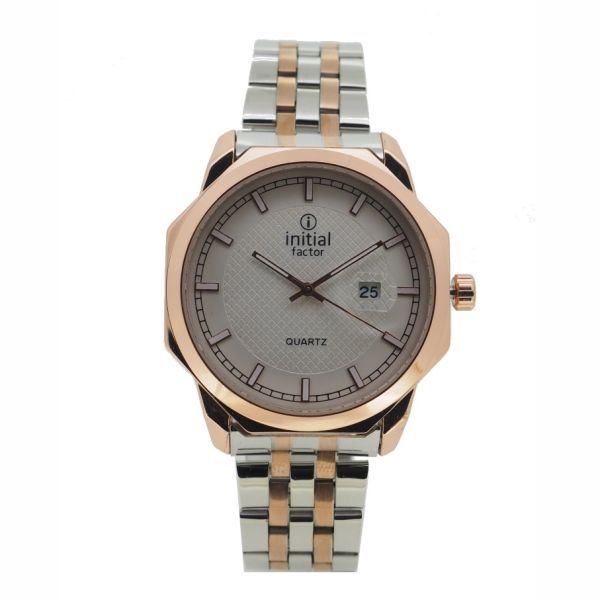 Initial Gents Metal Strap Watch With Date WK261-4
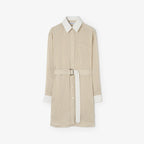 Striped Silk Poplin Shirt Dress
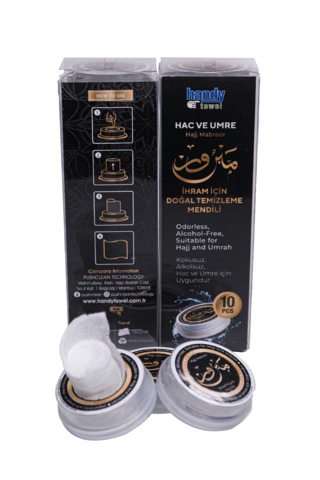 Handytowel İhram İçin Doğal Temizleme Mendili, Hac - Umre Alko...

> [WORK INSTRUCTION] Every picture stays out; reproduce exactly the lines from the one with "Striped Silk Poplin Shirt Dress" through the last line of the data above.

> [FINISHED TASK]
 Striped Silk Poplin Shirt Dress
 Handytowel İhram İçin Doğal Temizleme Mendili, Hac - Umre Alko...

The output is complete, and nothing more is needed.